Supreme Court Justices are criticized. A lot. Alas, they are not able to respond. Publicly at least. But this was not always the rule. Chief Justice Marshall, who is celebrated as the most influential member of the Court, wrote a series of essays defending his opinion in McCulloch v. Maryland. These essays were published in 1819 under the pseudonym “A Friend of the Constitution.” (Regular readers of Today in Supreme Court History will note I flag this essay every year on July 15.)
Was Marshall’s essay proper or was it a breach of judicial ethics? Certainly by modern standards, this behavior would not fly. Some judges do defend their opinions in public, but they do so under their own names. (Whether judges privately give information to the press, not for attribution, is a different matter). And we know that critics are content to assess judges from long ago based on contemporary rules. But was Marshall’s behavior proper at the time? We have at least one sign that this behavior was proper.
In Trump v.

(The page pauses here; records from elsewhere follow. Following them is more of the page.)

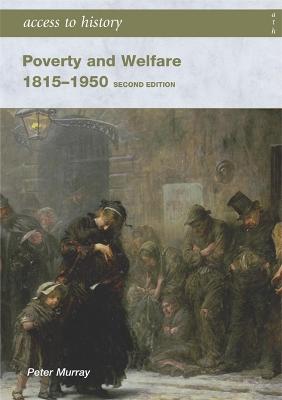 Book cover for Poverty and Welfare 1815-1950: Second edition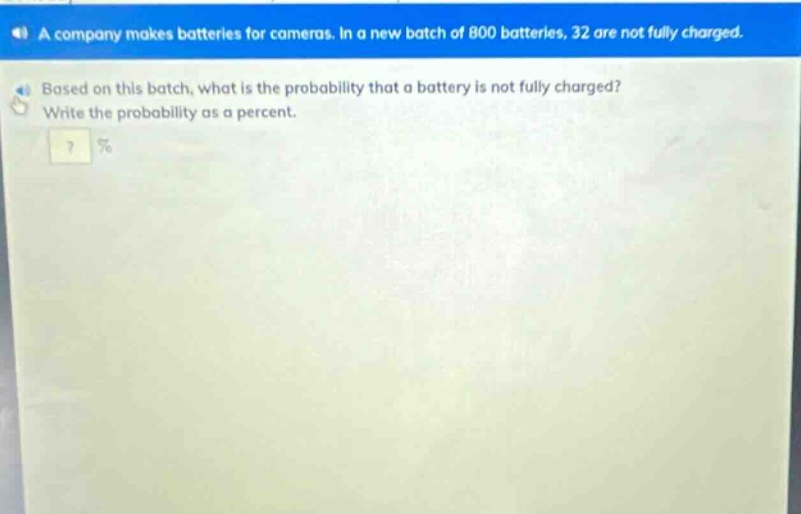 a company makes batteries for cameras. in a new batch of 800 batteries, 32 are not fully charged. based on this batch, what is the probability that a battery is not fully charged? write the probability as a percent.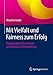 Produktbild Mit Vielfalt und Fairness zum Erfolg: Praxishandbuch für Diversity und Inclusion im Unternehmen
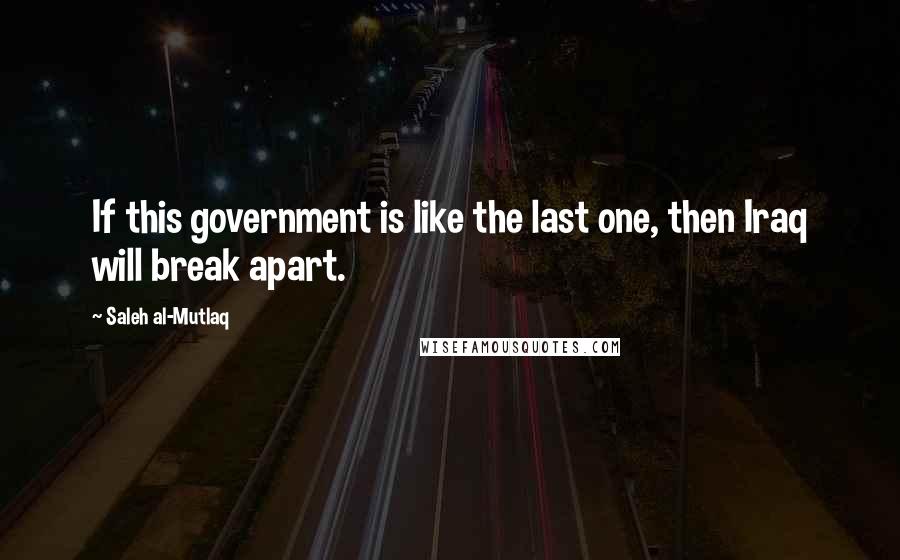 Saleh Al-Mutlaq Quotes: If this government is like the last one, then Iraq will break apart.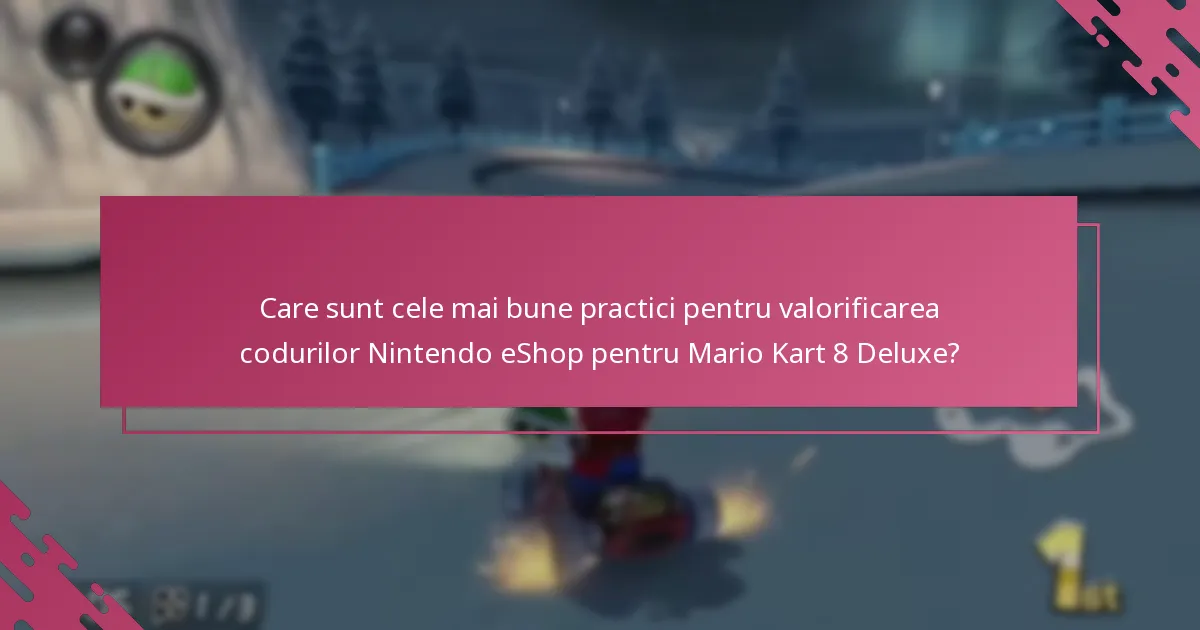 Cât de frecvent pot fi utilizate codurile Nintendo eShop pentru Mario Kart 8 Deluxe?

United States, Chief Justice Roberts saw fit to cite one of Marshall’s pseudonymic essays:
This case poses a question of lasting significance: When may a former President be prosecuted for official acts taken during his Presidency? Our Nation has never before needed an answer. But in addressing that question today, unlike the political branches and the public at large, we cannot afford to fixate exclusively, or even primarily, on present exigencies. In a case like this one, focusing on “transient results” may have profound consequences for the separation of powers and for the future of our Republic. Youngstown (Jackson, J., concurring). Our perspective must be more farsighted, for “[t]he peculiar circumstances of the moment may render a measure more or less wise, but cannot render it more or less constitutional.” Chief Justice John Marshall, A Friend of the Constitution No. V, Alexandria Gazette, July 5, 1819, in John Marshall’s Defense of McCulloch v. Maryland.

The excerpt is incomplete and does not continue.